One group leader was Azhar Dulaymi, whom coalition forces killed May 19. Bergner said the terrorist led the Jan. 20 attack on the Provincial Joint Coordination Center in Karbala that killed five U.S. soldiers. Dulaymi worked closely with Ali Musa Daqduq and Qayis Khazali, two men with direct links to Iran.
Coalition forces captured Daqduq on March 20. "He is Lebanese-born and has served for the past 24 years in Lebanese Hezbollah," Bergner said. "He was in Iraq working as a surrogate for Iranian Revolutionary Guards Corps Quds Force operatives involved with special groups."
Daqduq, a member of Hezbollah in Lebanon since 1983, served as a bodyguard for Hezbollah leader Sayyad Hassan Nazrullah. He also led Hezbollah operations in large areas of Lebanon, Bergner said.
"In 2005, he was directed by senior Lebanese Hezbollah leadership to go to Iran and work with the Quds Force to train Iraqi extremists," the general said. "In May 2006, he traveled to Tehran with Yussef Hashim, a fellow Lebanese Hezbollah and head of their operations in Iraq. There they met with the commander and deputy commander of the Iranian Quds Force special external operations."
Daqduq was ordered to Iraq to report on the training and operations of the Iraqi special groups. "In the year prior to his capture, Ali Musa Daqduq made four trips to Iraq," Bergner said. "He monitored and reported on the training and arming of special groups in mortars and rockets, manufacturing and employment of improvised explosive devices, and kidnapping operations. Most significantly, he was tasked to organize the special groups in ways that mirrored how Hezbollah was organized in Lebanon."
Daqduq also helped the Quds Force in training Iraqis inside Iran. "Quds Force, along with Hezbollah instructors train approximately 20 to 60 Iraqis at a time, sending them back to Iraq organized into these special groups," he said. "They are being taught how to use (explosively formed penetrators), mortars, rockets, as well as intelligence, sniper and kidnapping operations."
The Quds Force also supplies the groups with weapons and a funding stream of between $750,000 to $3 million a month. "Without this support, these special groups would be hard-pressed to conduct their operations in Iraq," Bergner said.
When captured, Daqduq had detailed documents that discussed tactics to attack Iraqi and coalition forces. "He also had a personal journal that shows his involvement with extremist operations in Iraq," the general said. "His diary also notes meeting with special group members who were targeting other Iraqis and coalition forces in the Diyala province using IEDs, as well as small-arms fire."
Khazali was captured with Daqduq. He was in charge of these groups throughout Iraq since June 2006. He is an Iraqi who worked to develop the Iraqi groups into a network similar to Hezbollah.

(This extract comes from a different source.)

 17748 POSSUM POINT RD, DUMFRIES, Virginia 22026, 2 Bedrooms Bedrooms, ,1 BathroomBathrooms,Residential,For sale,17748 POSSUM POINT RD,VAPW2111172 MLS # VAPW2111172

"It is important to point out that both Ali Musa Daqduq and Qayis Khazali state that senior leadership within the Quds Force knew of and supported planning for the eventual Karbala attack that killed five coalition soldiers," Bergner said. "Ali Musa Daqduq contends the Iraqi special groups could not have conducted this complex operation without the support and direction of the Quds Force.
"Ali Musa Daqduq and Qayis Khazali both confirm that Qayis Khazali authorized the operation and Azhar al Dulaymi, who we killed in an operation earlier this year, executed the operation."

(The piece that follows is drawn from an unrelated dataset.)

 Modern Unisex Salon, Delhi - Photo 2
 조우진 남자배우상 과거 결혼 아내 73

All of this is counter to pledges Iran has made to the Iraqi government to respect territorial boundaries and work to ease violence inside Iraq, Bergner said.
"The government of Iran has committed to help work with the government of Iraq in addressing the security problems in this country," he said. "I think the most clear and important message to take from this is, there does not seem to be any follow-through on the commitment that Iran has made to work with Iraq in addressing the ... destabilizing security issues here in Iraq."